**Action item**
An exact retyping of all lines below is the answer; pictures do not belong in it.

**Supplied information**
######

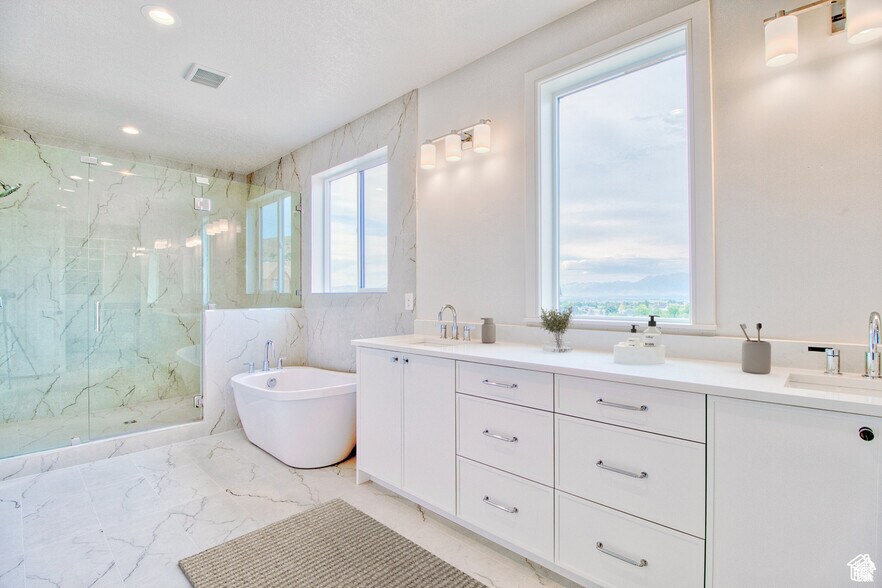 Building Photo - 1338 S 450 E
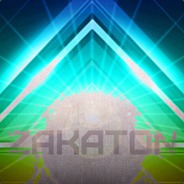 Zakaton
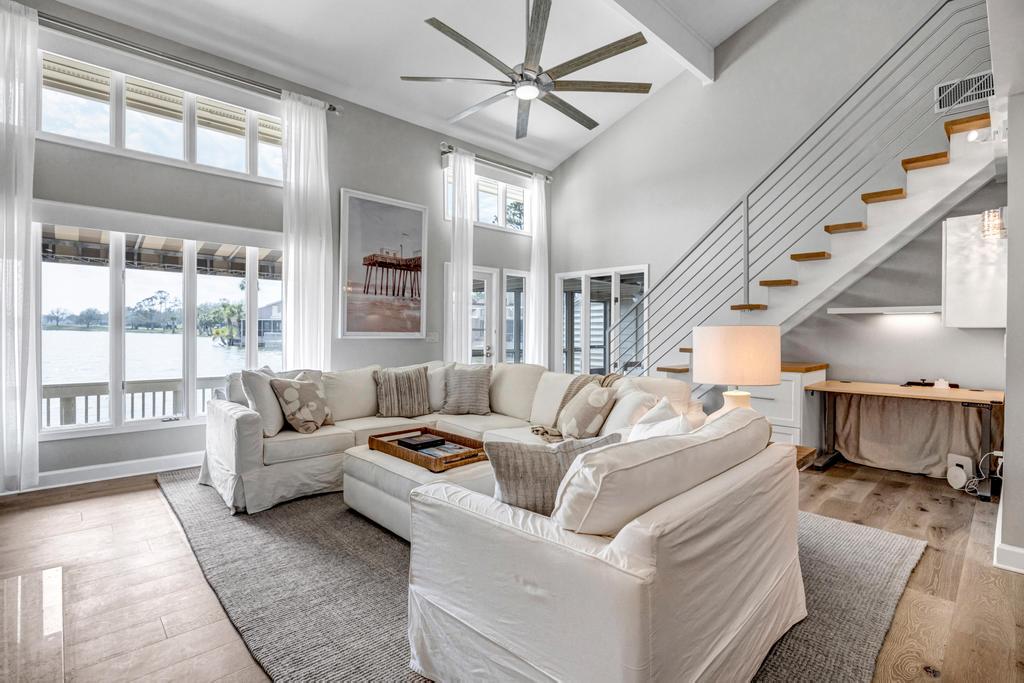 Thing To Do Newly Listed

######

**Exercise result**
 Building Photo - 1338 S 450 E
 Zakaton
 Thing To Do Newly Listed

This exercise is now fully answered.